I did not do the math, but my feeling is that the (greatly) inflated 
measurement errors (exploding as you mention near a twin fraction of 0.5) make 
direct phasing methods, that are often at the very limit of useable signal to 
noise ratio, fail after detwinning.  Also, an incorrectly estimated twin 
fraction may introduce systematic errors, especially in case of a varying twin 
fraction depending on the rotation of the crystal. Probably random noise is 
less harmful than systematic errors.

My 2 cts,

Von: CCP4 bulletin board [mailto:CCP4BB@JISCMAIL.AC.UK] Im Auftrag von Chris 
Gesendet: Dienstag, 11. Oktober 2016 10:40
Betreff: Re: [ccp4bb] Why Does Detwinning Not Work?

Dear Jacob,

I'm not an expert on the topic, but from my experiences with twinning I can 
agree with you. I recently solved my second twinned structure by MR (twin 
fraction of 0.43, as estimated by Xtriage). Performing twin refinement in 
Refmac or phenix.refine dropped the R-factors, as expected, but worsened the 
geometry considerably without a noticeable improvement in the maps. For this 
reason, I opted *not* to go with the twin refinement... I don't know if others 
would make the same choice, though it seemed reasonable to me. Besides, my 
Rwork/Rfree is down to 0.25/0.29, which ain't too shabby for 2.6 A resolution.

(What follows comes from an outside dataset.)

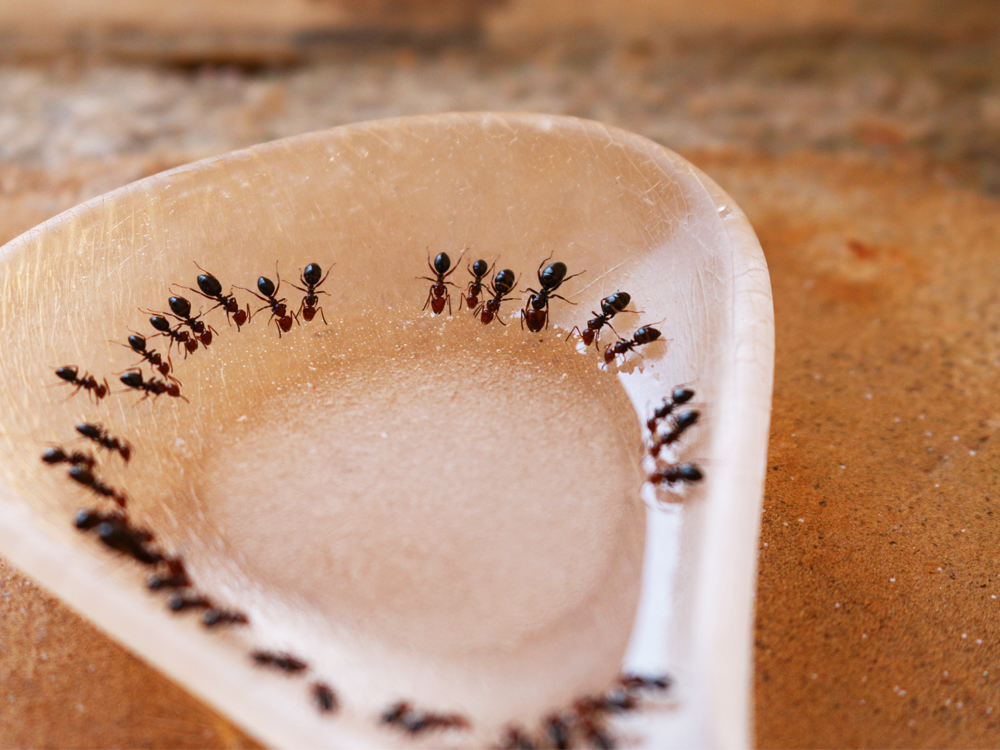 ▲只要是甜的、水分含量夠高，蜂蜜、糖水一樣都會吸引螞蟻來偷吃!  圖片出處 : pixabay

On Tue, Oct 11, 2016 at 2:15 AM, Keller, Jacob 
<<>> wrote:
Dear Crystallographers,

Based on some data sets I have looked at and anecdotal-type evidence here and 
there I have gotten the impression that detwinning does not help in structure 
solution. (Please let me know if you have a case where detwinning saved the 
day.) Is there a clear answer to this enigma anywhere, to anyone’s knowledge? 
Wouldn’t it seem that *any* detwinning would be better than *no* detwinning? I 
understand that the errors explode as one approaches 50% twins and does 
detwinning, but still, I don’t think one *loses* information by detwinning, 
right? Take the case of a 33% twin: since the twin-reflections are on average 
about half the intensity of the non-twin, and since they are generally not 
correlated in intensity, isn’t this like having noise added at 50% of the 
measured intensity? So why does detwinning make things worse generally? Is 
there something wrong in the assumptions underlying the detwinning algorithm, 
or perhaps something about the calculation that throws things off?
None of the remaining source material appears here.